Overview. The dirty secret of data work is that data almost never comes in the form we want. Here we run through a variety of methods for taking messy data and turning it into clean, nicely formatted data.

Python tools. Changing variable values and types, selecting variables and observations, transposing and pivoting data.

Buzzwords. Selection, filtering, pivoting; want operator.

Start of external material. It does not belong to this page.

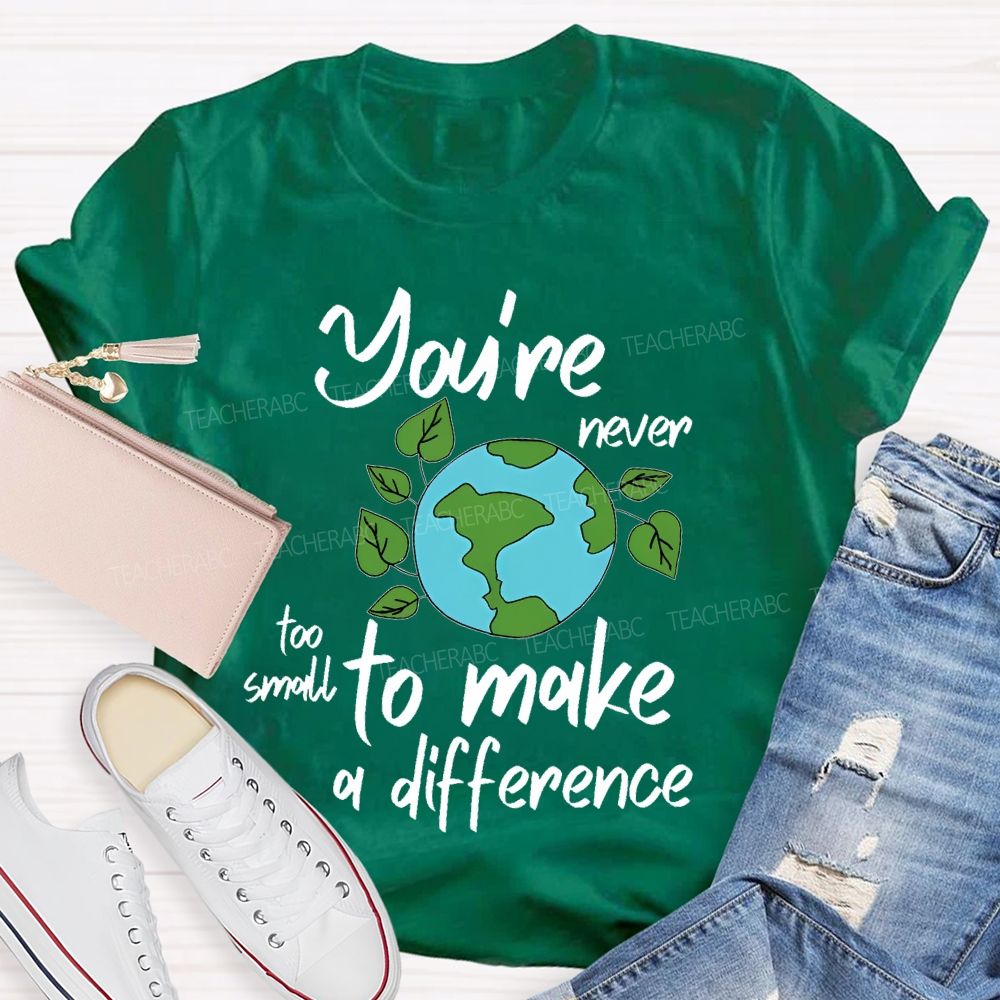 You're Never Too Small To Make A Difference  Teacher T-shirt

Applications. Entry poll, Chipotle, World Economic Outlook.

Code. Link.


UNDER CONSTRUCTION

Data rarely never comes in the form we want. There are more problems than we can count, but here are a few we've run across:

  • Numerical entries are contaminated by commas (thousands) and dollar signs, leading Pandas to interpret them as strings.
  • The row or column labels are contaminated. In one example, country names included numbers, indicating footnotes in the source spreadsheet: Canada 1, Chile 2, and so on.
  • Missing values are marked in erratic ways. The most treacherous example we've seen marked an elipsis: ... You might think we could represent that by the string '...', but in fact it was a single character, a unicode elipsis. How did we figure that out? We used the len() function and found it had length one.
  • We want to select certain variables or observations from a larger set.
  • Variables run across rows, rather than down columns.
  • Columns and rows are mixed up in some way other than how we want them.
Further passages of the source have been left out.